Adrian Chomiuk

Personal information
- Date of birth: 23 June 1988 (age 37)
- Place of birth: Biała Podlaska, Poland
- Height: 1.70 m (5 ft 7 in)
- Position: Defender

Youth career
- 2001–2003: TOP 54 Biała Podlaska
- 2005–2007: Gwarek Zabrze

Senior career*
- Years: Team / Apps / (Gls)
- 2007–2012: Polonia Bytom / 44 / (0)
- 2008: → Kolejarz Stróże (loan) / 10 / (0)
- 2009: → Polonia Słubice (loan) / 11 / (0)
- 2009: → MKS Mielnik (loan) / 15 / (0)
- 2012: Bytovia Bytów / 13 / (0)
- 2012–2014: GKS Tychy / 58 / (0)
- 2014–2015: Termalica Bruk-Bet / 11 / (0)
- 2015–2016: Bytovia Bytów / 21 / (1)
- 2016: Asker / 6 / (0)
- 2017–2018: Flint Fotball / 9 / (1)
- 2019: Eik Tønsberg

= Adrian Chomiuk =

Polish footballer

Adrian Chomiuk (born 23 June 1988) is a Polish former professional footballer who played as a defender.

==Club career==
Chomiuk started his career in 2001 in the student sports club TOP 54 Biała Podlaska, where he trained until 2003. In 2005, he became a player of Gwarek Zabrze. In 2006, Chomiuk took part in Gwarek's successful Polish Under-19 Championship campaign.

In 2007, he moved to Polonia Bytom. On 6 October 2007, he made his debut in Ekstraklasa in a 3–0 win over GKS Bełchatów, entering the playing field in the 82nd minute as a substitute for Jakub Dziółka. Before the 2008–09 season, he was loaned to the third tier club Kolejarz Stróże, then to Polonia Słubice in the same division, and, on 24 August 2009, for six months to III liga side MKS Mielnik. In the spring of the 2009–10 season, Chomiuk returned to Polonia. On 2 July 2010, he signed a new deal, tying him with the club until 30 June 2013. On 14 December 2011, at the player's request, his contract was terminated.
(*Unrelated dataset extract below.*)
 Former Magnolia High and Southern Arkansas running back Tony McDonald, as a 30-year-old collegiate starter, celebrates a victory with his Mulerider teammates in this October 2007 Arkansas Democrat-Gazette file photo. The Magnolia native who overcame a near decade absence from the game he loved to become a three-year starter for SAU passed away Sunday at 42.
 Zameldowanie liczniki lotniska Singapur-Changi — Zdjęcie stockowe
On 18 February 2012, he signed a contract with third division side Bytovia Bytów.

On 12 July 2012, he moved up one tier by signing a one-year contract with GKS Tychy, with an option to extend it for another year. On 4 July 2013, the option to prolong the contract for a further twelve months was exercised. On 28 June 2014, it was announced his deal would not be extended.

Two days later, he signed a one-year contract with Bruk-Bet Termalica Nieciecza. On 7 July, he tore his Achilles tendon; the day after, he underwent surgery. For the first time after the injury (it was also his debut for the club in Nieciecza), he appeared on 11 April 2015 in a 1–2 loss to Widzew Łódź in the 25th round of the 2014–15 season. On 30 May, together with Termalica, he secured a promotion to Ekstraklasa.